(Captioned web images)
============

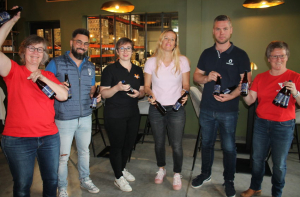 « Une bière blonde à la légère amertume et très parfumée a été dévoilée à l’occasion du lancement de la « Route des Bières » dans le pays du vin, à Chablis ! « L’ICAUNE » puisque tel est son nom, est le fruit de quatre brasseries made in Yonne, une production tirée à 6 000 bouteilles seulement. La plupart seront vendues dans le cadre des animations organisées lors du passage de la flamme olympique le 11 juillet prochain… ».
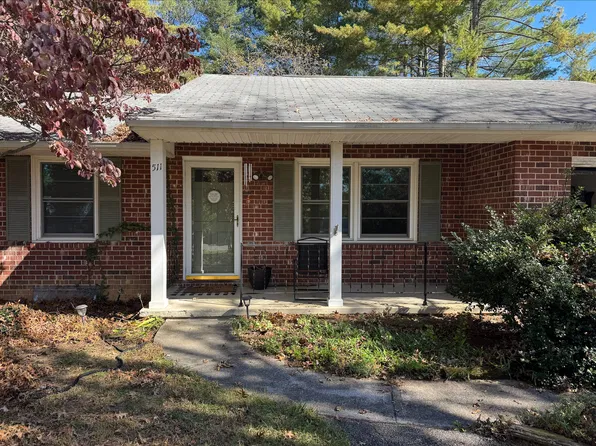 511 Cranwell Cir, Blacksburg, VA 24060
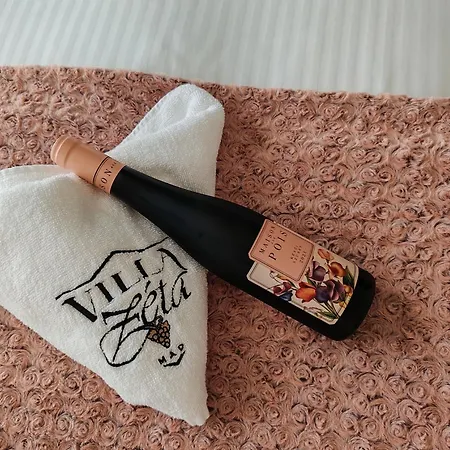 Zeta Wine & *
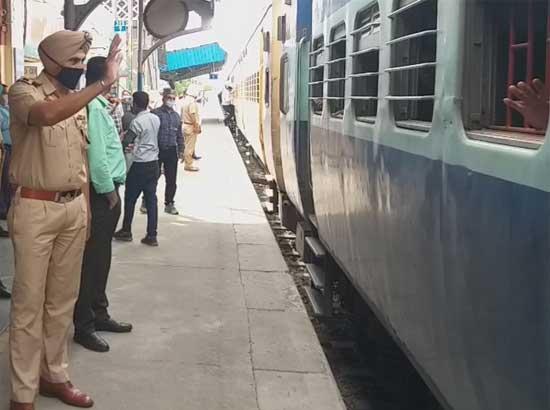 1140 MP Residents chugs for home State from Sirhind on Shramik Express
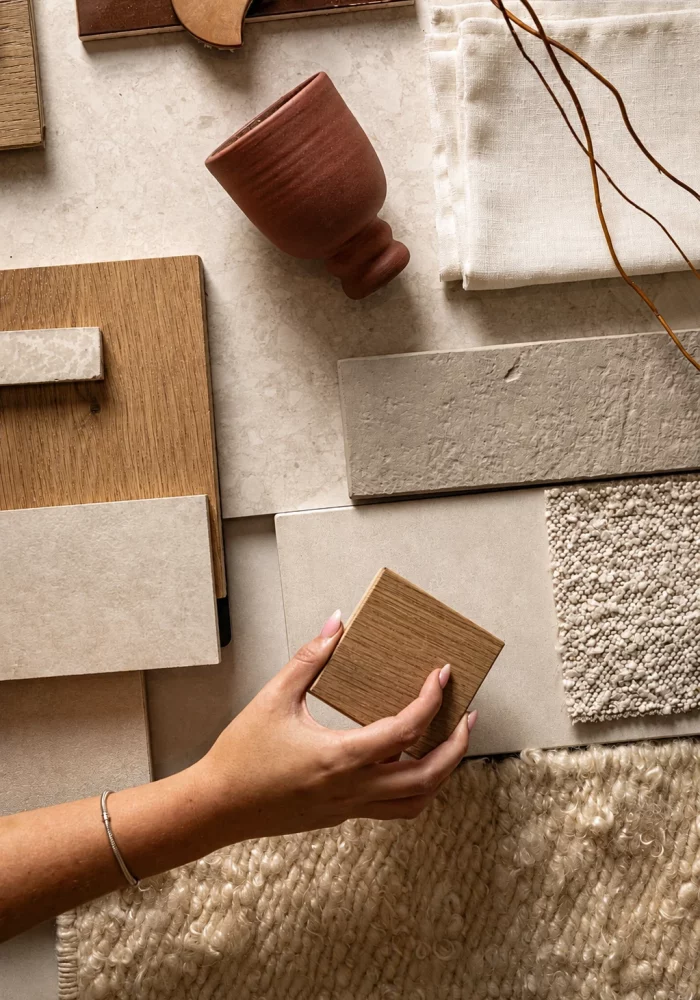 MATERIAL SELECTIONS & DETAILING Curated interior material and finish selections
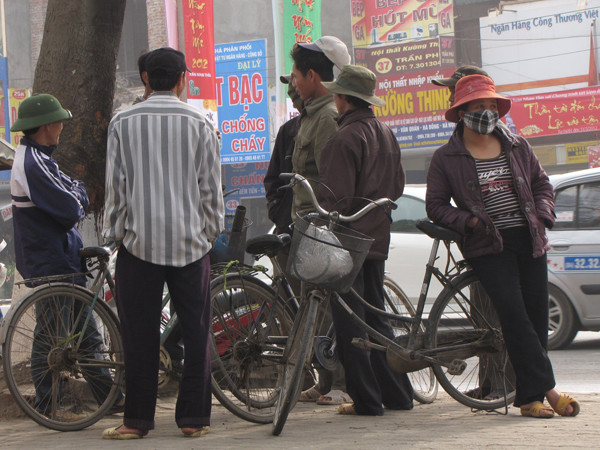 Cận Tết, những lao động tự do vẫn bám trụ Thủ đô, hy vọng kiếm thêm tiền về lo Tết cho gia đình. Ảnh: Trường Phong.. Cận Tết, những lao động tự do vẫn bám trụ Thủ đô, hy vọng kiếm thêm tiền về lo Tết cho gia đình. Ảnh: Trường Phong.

============

● Problem requirements: Output all the records above exactly, but without their images.

● Result of this task:
 « Une bière blonde à la légère amertume et très parfumée a été dévoilée à l’occasion du lancement de la « Route des Bières » dans le pays du vin, à Chablis ! « L’ICAUNE » puisque tel est son nom, est le fruit de quatre brasseries made in Yonne, une production tirée à 6 000 bouteilles seulement. La plupart seront vendues dans le cadre des animations organisées lors du passage de la flamme olympique le 11 juillet prochain… ».
 511 Cranwell Cir, Blacksburg, VA 24060
 Zeta Wine & *
 1140 MP Residents chugs for home State from Sirhind on Shramik Express
 MATERIAL SELECTIONS & DETAILING Curated interior material and finish selections
 Cận Tết, những lao động tự do vẫn bám trụ Thủ đô, hy vọng kiếm thêm tiền về lo Tết cho gia đình. Ảnh: Trường Phong.. Cận Tết, những lao động tự do vẫn bám trụ Thủ đô, hy vọng kiếm thêm tiền về lo Tết cho gia đình. Ảnh: Trường Phong.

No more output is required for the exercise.